- **EXERCISE OBJECTIVE**
Each line from the start of the records through the line containing "Hahaland color-sorting-baskets support" is to be transcribed exactly, and no other line is to be included.

======== MATERIALS PROVIDED ========

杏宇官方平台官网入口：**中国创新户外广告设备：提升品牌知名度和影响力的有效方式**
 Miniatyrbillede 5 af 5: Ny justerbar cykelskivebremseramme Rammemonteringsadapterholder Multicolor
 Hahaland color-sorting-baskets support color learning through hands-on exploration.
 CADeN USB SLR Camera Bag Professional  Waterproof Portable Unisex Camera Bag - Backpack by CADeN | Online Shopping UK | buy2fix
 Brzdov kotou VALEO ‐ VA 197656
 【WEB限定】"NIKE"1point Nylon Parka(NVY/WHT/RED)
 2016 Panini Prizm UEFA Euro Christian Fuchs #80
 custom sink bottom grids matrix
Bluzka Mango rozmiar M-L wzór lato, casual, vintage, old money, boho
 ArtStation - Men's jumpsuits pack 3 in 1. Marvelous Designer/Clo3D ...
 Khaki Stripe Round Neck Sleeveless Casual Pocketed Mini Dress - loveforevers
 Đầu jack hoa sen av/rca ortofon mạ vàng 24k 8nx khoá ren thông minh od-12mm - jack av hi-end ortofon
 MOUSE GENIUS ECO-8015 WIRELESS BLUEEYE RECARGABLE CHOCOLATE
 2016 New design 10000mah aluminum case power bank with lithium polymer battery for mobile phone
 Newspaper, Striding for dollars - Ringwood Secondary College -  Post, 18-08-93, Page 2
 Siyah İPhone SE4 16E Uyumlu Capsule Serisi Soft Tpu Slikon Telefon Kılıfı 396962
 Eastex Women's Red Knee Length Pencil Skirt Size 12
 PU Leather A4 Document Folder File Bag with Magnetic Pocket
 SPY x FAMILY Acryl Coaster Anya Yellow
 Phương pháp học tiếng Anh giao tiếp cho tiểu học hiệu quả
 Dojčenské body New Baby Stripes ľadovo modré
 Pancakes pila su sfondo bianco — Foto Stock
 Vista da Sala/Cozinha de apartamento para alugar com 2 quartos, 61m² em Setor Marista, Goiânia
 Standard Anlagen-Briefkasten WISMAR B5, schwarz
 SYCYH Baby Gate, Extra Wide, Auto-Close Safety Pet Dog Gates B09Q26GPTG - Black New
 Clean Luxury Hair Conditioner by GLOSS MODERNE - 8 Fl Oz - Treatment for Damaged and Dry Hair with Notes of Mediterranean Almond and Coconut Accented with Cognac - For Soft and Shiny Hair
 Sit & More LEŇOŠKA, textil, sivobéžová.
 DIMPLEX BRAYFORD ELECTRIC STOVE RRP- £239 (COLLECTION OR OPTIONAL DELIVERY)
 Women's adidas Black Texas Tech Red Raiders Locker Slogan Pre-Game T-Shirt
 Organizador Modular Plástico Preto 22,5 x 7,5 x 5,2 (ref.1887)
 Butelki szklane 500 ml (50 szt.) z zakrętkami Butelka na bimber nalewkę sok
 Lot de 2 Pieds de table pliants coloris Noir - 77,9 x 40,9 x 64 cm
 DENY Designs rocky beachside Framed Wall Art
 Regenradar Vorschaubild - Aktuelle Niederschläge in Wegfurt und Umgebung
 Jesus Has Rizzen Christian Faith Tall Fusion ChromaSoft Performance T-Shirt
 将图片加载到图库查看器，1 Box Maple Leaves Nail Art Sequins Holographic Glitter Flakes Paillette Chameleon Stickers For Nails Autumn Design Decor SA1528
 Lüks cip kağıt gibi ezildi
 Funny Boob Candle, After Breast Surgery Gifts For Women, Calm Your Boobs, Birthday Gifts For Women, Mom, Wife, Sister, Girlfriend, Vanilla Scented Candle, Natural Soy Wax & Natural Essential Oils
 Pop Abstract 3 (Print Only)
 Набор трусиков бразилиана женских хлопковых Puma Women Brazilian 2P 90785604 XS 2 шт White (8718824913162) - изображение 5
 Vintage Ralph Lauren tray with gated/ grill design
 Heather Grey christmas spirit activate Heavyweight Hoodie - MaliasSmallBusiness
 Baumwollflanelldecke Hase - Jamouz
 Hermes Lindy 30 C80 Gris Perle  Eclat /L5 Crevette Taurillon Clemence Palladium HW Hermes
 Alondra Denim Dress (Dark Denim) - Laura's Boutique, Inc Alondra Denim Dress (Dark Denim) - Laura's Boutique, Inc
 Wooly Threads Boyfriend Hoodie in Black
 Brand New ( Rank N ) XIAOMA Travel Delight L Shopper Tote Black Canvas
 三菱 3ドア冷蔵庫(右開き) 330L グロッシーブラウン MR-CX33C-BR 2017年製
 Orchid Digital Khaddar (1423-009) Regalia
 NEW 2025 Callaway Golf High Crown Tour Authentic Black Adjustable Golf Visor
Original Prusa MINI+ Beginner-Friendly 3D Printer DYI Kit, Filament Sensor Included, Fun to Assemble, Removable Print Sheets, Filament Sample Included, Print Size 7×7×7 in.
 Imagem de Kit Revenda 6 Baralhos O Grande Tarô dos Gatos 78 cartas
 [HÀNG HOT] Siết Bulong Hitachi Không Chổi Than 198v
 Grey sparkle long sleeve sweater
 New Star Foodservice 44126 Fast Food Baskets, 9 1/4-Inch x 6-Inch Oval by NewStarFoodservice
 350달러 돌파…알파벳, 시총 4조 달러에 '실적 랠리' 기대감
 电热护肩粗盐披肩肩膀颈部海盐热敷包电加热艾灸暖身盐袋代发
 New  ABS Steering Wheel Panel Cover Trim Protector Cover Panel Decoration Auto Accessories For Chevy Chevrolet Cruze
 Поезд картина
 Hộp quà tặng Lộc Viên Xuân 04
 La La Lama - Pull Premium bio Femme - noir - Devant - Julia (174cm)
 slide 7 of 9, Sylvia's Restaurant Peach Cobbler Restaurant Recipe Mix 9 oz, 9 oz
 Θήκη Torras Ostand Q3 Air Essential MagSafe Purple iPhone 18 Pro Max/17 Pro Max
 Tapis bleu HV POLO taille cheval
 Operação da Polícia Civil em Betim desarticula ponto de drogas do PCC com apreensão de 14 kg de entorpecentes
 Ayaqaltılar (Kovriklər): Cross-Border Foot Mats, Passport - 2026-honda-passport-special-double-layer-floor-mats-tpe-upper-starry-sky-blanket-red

========

- **EXERCISE RESPONSE**
杏宇官方平台官网入口：**中国创新户外广告设备：提升品牌知名度和影响力的有效方式**
 Miniatyrbillede 5 af 5: Ny justerbar cykelskivebremseramme Rammemonteringsadapterholder Multicolor
 Hahaland color-sorting-baskets support color learning through hands-on exploration.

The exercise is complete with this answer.